(Excerpts from a dataset)
★ ★ ★ ★

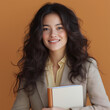 © JONATHAN - Confident Businesswoman Holding Notebook on Warm Orange Background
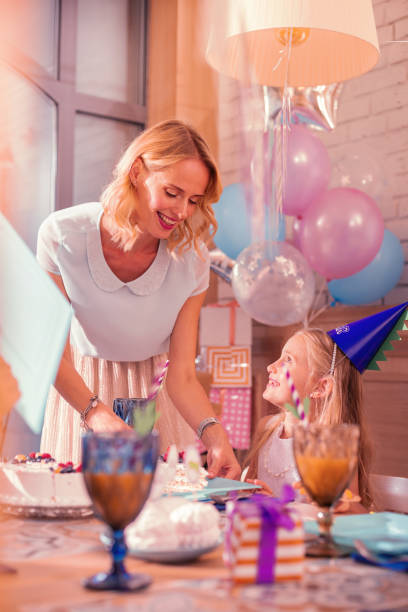 istock Cheerful mother smiling while putting cake on the plate 1047183060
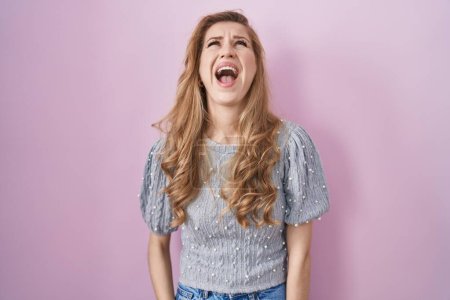 Foto de Beautiful blonde woman standing over pink background angry and mad screaming frustrated and furious, shouting with anger. rage and aggressive concept. - Imagen libre de derechos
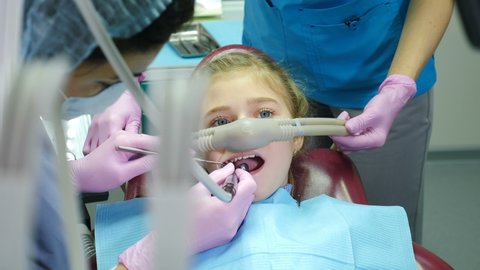 Modern dentistry. Little girl getting Inhalation Sedation while teeth treatment in dental clinic. Doctor putting on Laghing gas mask to relax and calm young overactive patient down. 4 k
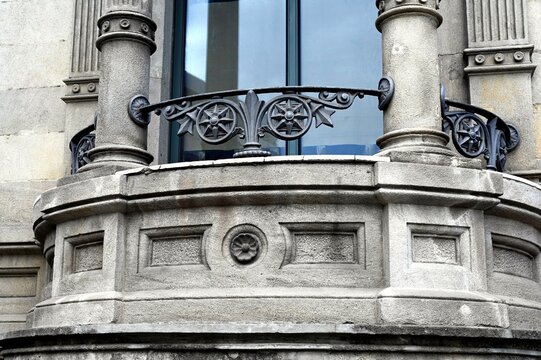 beautiful old cast iron balcony railing closeup detail. stucco finished facade. decorative columns. large glass window. classic architecture concept. travel and tourism in Europe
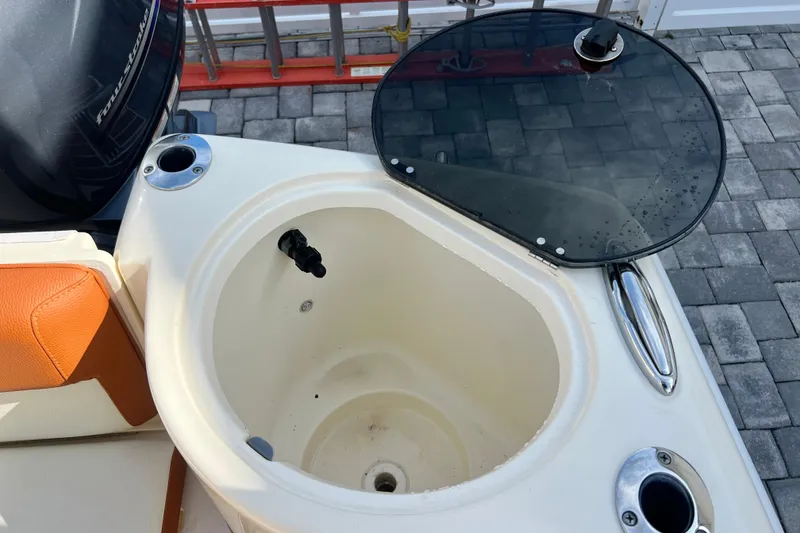 Slide: The Image of 2014 Scout 245 XSF boat livewell with open lid and seating detail. - 46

★ ★ ★ ★

→ REQUIREMENT: Leaving out the pictures, repeat all the entries exactly as they stand.

→ FINAL ANSWER:
 © JONATHAN - Confident Businesswoman Holding Notebook on Warm Orange Background
 istock Cheerful mother smiling while putting cake on the plate 1047183060
 Foto de Beautiful blonde woman standing over pink background angry and mad screaming frustrated and furious, shouting with anger. rage and aggressive concept. - Imagen libre de derechos
 Modern dentistry. Little girl getting Inhalation Sedation while teeth treatment in dental clinic. Doctor putting on Laghing gas mask to relax and calm young overactive patient down. 4 k
 beautiful old cast iron balcony railing closeup detail. stucco finished facade. decorative columns. large glass window. classic architecture concept. travel and tourism in Europe
 Slide: The Image of 2014 Scout 245 XSF boat livewell with open lid and seating detail. - 46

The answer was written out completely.